Time-frequency representation of evoked delta, theta and alpha/beta bands PLI distribution of rare stimuli in the parietal cortex in B6 and D2 mice. Time-frequency responses of evoked delta (a, c) and theta (b, d) bands PLI distribution to rare stimuli in B6 (A) and D2 (B) mice in the parietal cortex. Time-frequency ROI windows used were 0 – 50 ms and 50 – 350 ms (white squares).

Figure 5

Time-frequency representation of evoked delta, theta and alpha/beta bands energy distribution of rare stimuli in the frontal cortex in HAP-1, LAP-1 and HS/Ibg mice. Time-frequency responses of evoked theta band energy distribution to rare stimuli in HAP-1 (A), LAP-1 (B) and HS/Ibg (C) mice in the frontal cortex.
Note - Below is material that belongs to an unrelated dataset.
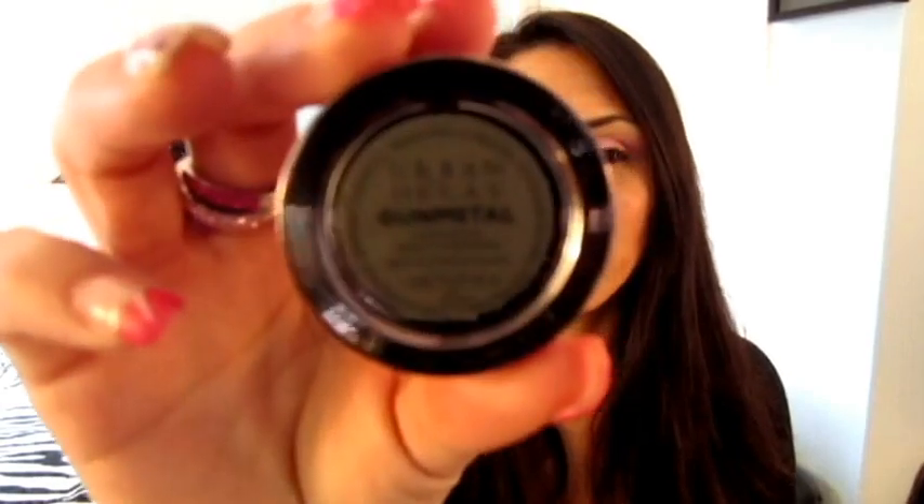Next, I'm just going to start defining the crease. I want to go with a gray color, so I'm going to be using Urban Decay's eyeshadow in Gunmetal. I'm going to take a blending brush with Gunmetal and just start adding that to the crease area.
Time-frequency ROI windows used was 50 – 350 ms (white squares).

Figure 6

Mean amplitude values of ERO energy for theta bands in response to standard, rare and noise stimuli in the frontal cortex. LAP-1 mice showed lower ERO energy than HAP-1 mice in the 350–800 ms time window in the theta band in response to rare tones. LAP-1 mice showed lower ERO energy than HS/Ibg mice in response to standard, rare and noise tones. * = Significant differences between HAP-1 and LAP-1 mice (P < 0.05). & = Significant differences between HS/Ibg and LAP-1 mice (P < 0.05).